Dans le même temps, les logements de colons se sont multipliés en Cisjordanie, sur des terres que les Palestiniens considèrent comme partie intégrante de leur futur État. En 1993, lorsque Yasser Arafat et le premier ministre israélien Yitzhak Rabin se serrent la main à la Maison-Blanche, plus de 116.000 colons israéliens vivent en Cisjordanie et dans la bande de Gaza, selon les chiffres de La Paix maintenant, une ONG israélienne anticolonisation. Ils sont désormais plus de 600.000 à coexister avec 3 millions de Palestiniens en Cisjordanie et à Jérusalem-Est alors que la bande de Gaza a été évacuée.

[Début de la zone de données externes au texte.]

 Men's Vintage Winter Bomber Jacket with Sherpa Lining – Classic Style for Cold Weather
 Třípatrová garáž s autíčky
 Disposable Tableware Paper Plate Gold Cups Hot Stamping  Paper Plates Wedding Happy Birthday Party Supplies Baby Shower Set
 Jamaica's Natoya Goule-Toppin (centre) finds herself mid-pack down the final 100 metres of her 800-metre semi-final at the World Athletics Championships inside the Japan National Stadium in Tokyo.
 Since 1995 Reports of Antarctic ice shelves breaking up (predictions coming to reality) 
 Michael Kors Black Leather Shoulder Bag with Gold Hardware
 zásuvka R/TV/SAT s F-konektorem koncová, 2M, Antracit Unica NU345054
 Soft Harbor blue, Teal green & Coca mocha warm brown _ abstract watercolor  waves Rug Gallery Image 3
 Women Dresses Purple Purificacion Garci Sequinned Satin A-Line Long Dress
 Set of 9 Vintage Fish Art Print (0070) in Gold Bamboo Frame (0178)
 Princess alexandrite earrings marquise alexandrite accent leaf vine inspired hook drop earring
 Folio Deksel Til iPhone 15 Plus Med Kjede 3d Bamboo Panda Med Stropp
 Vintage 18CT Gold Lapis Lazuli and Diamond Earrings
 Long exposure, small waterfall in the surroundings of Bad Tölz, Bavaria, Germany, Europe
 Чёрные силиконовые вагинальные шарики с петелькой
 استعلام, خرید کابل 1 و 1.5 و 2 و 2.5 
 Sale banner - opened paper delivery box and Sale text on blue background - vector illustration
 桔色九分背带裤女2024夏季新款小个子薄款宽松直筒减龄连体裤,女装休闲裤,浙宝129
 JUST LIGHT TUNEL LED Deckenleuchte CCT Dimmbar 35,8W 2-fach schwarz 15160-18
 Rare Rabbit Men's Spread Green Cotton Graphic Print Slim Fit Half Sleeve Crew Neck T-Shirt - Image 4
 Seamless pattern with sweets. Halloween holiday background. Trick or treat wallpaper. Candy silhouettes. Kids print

Les ultranationalistes appellent aujourd’hui à annexer la zone C de la Cisjordanie, où résident les 350.000 colons – voire l’ensemble de ce territoire devenu pour l’Autorité palestinienne une raison d’être. L’actuel statu quo est pour le pouvoir palestinien un moindre mal. Les aides financières de la communauté internationale sont pourvoyeuses d’emplois. Elles génèrent une relative prospérité économique. Une situation à laquelle Donald Trump entend mettre fin si Mahmoud Abbas ne cède pas à ses exigences.